AI digest: Military contracts and model decay
OpenAI signs Pentagon deals while Anthropic fights back, plus new research shows even frontier models decay in long conversations.
Big week for AI politics and some sobering technical findings.
OpenAI embraces military contracts as Anthropic fights Pentagon ban
OpenAI signed a deal with the Pentagon for classified AI networks just hours after Anthropic was banned from federal agencies. Anthropic got labelled a “supply chain risk” after refusing to build autonomous weapons and surveillance tools, and they’re taking it to court. The timing feels deliberate, and it’s fascinating to watch these companies take such different stances on military applications.
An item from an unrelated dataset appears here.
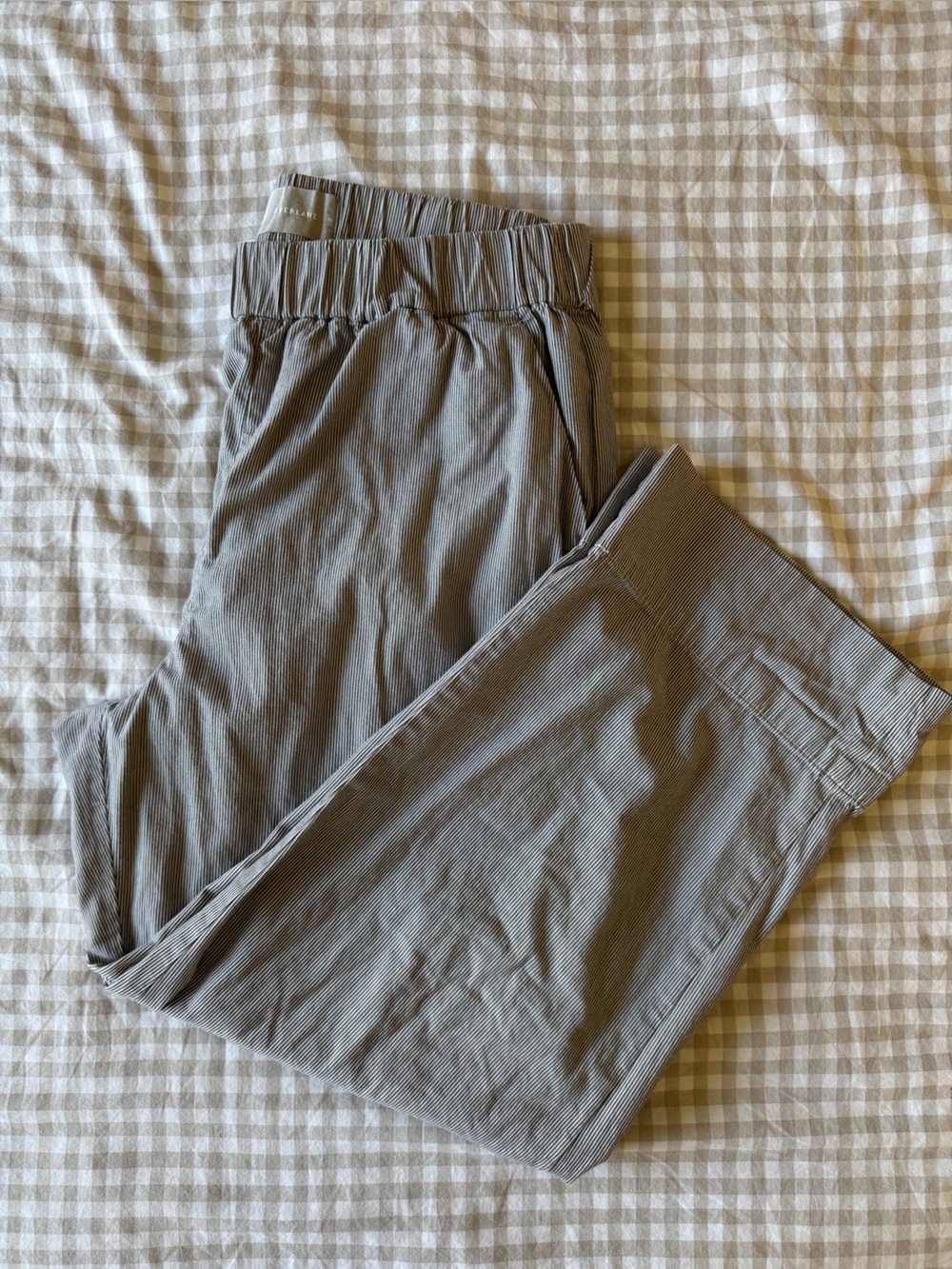 Everlane Pull On Easy Pant - Grey Pin Stripe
Even GPT-5 gets worse the longer you chat
New research shows frontier models lose up to 33% accuracy in extended conversations, including GPT-5.2 and Claude 4.6. This isn’t just about context windows, it’s about models genuinely degrading as chats go on. Anyone who’s had a long coding session with Claude will recognise this, but seeing it quantified across the latest models is sobering.
DeepCoder claims O3-mini performance at 14B parameters
A new open-source coding model called DeepCoder supposedly matches O3-mini’s performance with just 14 billion parameters. If true, this could be huge for running capable coding assistants locally. The claims need proper verification, but the trend toward smaller, more efficient models continues.
Banks test agentic AI for trade surveillance
Goldman Sachs and Deutsche Bank are piloting AI agents that reason through trading patterns in real time rather than just following preset rules. This feels like where agentic AI might actually prove its worth, handling complex pattern recognition in regulated environments where the stakes matter.